The proposed contract for Juneau's teachers offers pay increases of at least 4.5 percent in the first year, and 4 percent on average in the second year.
The increases come partly from higher placement on the salary schedule, and partly from changed rates on the schedule. The contract raises the lowest salary from $31,418 to $33,258 this year and $33,591 next year. It increases the top salary from $61,268 to $64,053 this year and $64,694 next year.
Juneau's top-paid teachers will make more than their counterparts in Anchorage, the Matanuska-Susitna Borough, the Kenai Peninsula, Sitka and Ketchikan, said schools Superintendent Gary Bader.
"We think that's pretty significant. And the same will be true for our starting teachers," he said.
Prior to a union informational meeting this morning, some of the district's 350 teachers said they were confused about the contract's terms. They said they were concerned that teachers gain most at the higher and lower ends of the salary schedule, or that the pay increases weren't much more than under the previous contract.
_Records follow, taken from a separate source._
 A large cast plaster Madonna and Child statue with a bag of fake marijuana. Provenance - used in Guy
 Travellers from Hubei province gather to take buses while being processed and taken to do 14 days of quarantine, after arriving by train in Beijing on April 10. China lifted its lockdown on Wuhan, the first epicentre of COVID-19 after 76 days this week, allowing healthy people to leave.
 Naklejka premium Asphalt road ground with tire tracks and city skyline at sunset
The salary schedule rewards teachers based on years of experience and college credits.
Teachers under the proposed contract "start a little higher and they end a little higher and they move a little more slowly than they used to, but they're still making more money as they move along," Bader said.
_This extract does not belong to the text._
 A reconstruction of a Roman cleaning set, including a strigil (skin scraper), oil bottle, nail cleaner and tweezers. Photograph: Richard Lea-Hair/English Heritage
The new schedule, which was devised by the union, sets the increases in pay between positions, or steps, on the salary schedule at a uniform 3 percent. The percentages varied in the old schedule, but most were higher. Under the new schedule, some of the salaries are lower, as well, especially in the middle range.
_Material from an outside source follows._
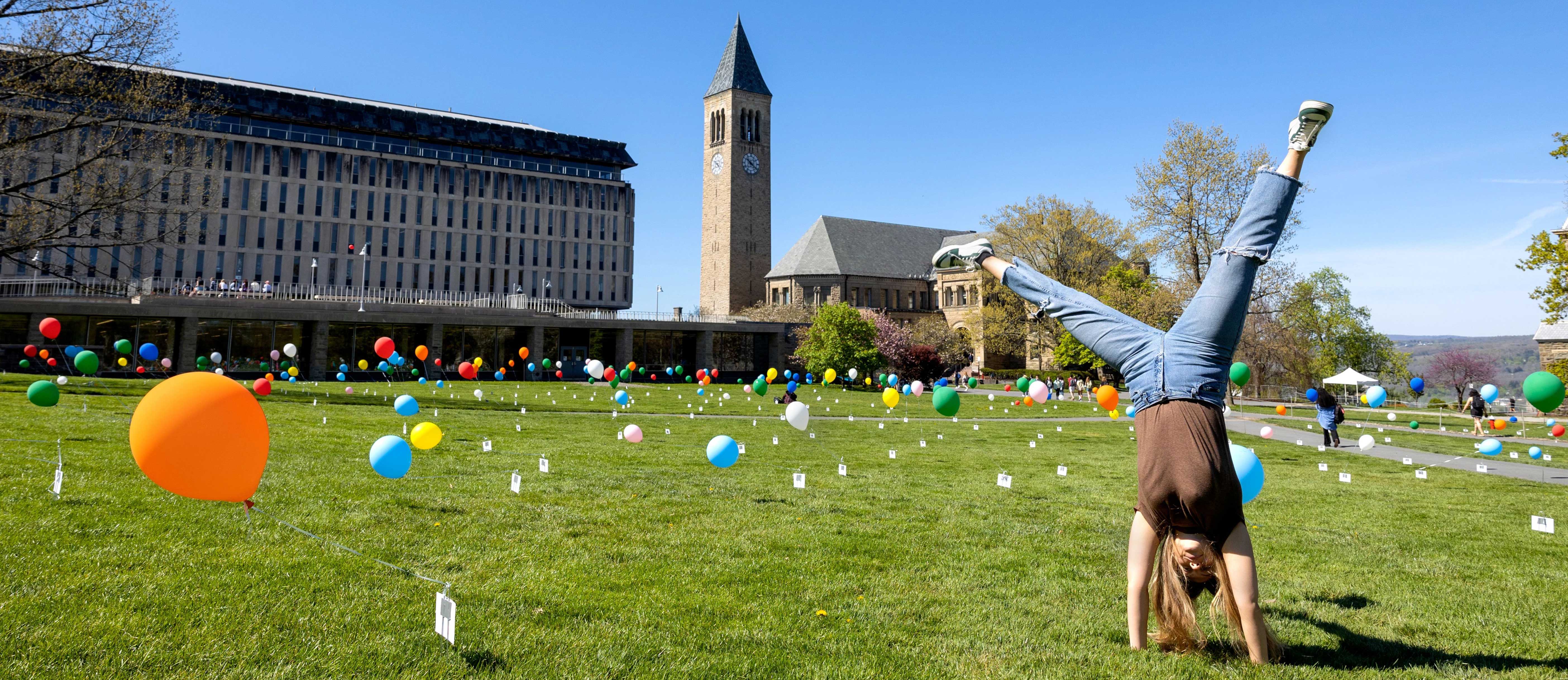 Student stands on head among colorful balloons at "Cornell Lifted" event on the Arts Quad, clocktower in background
The teachers' union hopes the new schedule will make it easier for the school district to afford movement on the salary schedule in the future, Juneau Education Association negotiator Alan Degener told teachers today.
In some recent years, Juneau's teachers either haven't moved up the steps on the schedule, or have moved up only half-way through the year.
The proposed contract also puts more of the available money into raising rates on the schedule, which benefits those teachers who had reached the highest point on the schedule.
"You have smaller steps but more frequent raises," Degener said.
"The salary scale has been changed so we can afford to give step raises," said School Board member Stan Ridgeway.
The proposed schedule gives teachers who are new to the district a long-term reason to stay, said union spokesman Clay Good, because they can plan their finances based on movement through the schedule.
The proposed contract also increases the school district's payment for teachers' health insurance premiums from $496 a month per person to $550 in the first year. In the contract's second year, the school district also would spend more on teachers' health insurance premiums if the state increases its per-pupil funding to the school district.
Altogether, the proposed agreement would cost the school district an additional $726,000 in salaries and $140,000 in health insurance premiums in the first year, and $600,000 in salaries in the second year, Bader said.
Bader has said the contract can be afforded under the current budget and it wouldn't require layoffs. Under a new state funding formula, Juneau will get about $650,000 more this school year than it would have under the previous formula. The school district's operating budget is about $38 million.
The proposed contract also reduces teachers' required work days from 183 a year to 182, and it removes language that devoted two days to classroom preparation and student assessment. Instead, Bader said he would recommend the School Board increase the number of days teachers spend with students from 180 to 181.
Teachers met today at Dzantik'i Heeni Middle School to discuss the contract, but a vote to ratify or reject it isn't expected until a week from now, Good said.
The union has to explain a complicated contract to teachers, one in which many rates on the salary schedule actually are lower than before, but in which all current teachers will get more pay than last year.
That's because every teacher employed last school year would be placed on the salary schedule at a pay of at least 4.5 percent more this year. They also are entitled to move up the schedule for more experience or college credits, which would result in a pay increase higher than 4.5 percent for some teachers. The average pay increase would be about 5.7 percent, Degener told the teachers.
In the contract's second year, the rates on the salary schedule go up by 1 percent. Eligible teachers also advance a step for experience and to a higher pay column if they have earned enough graduate credits.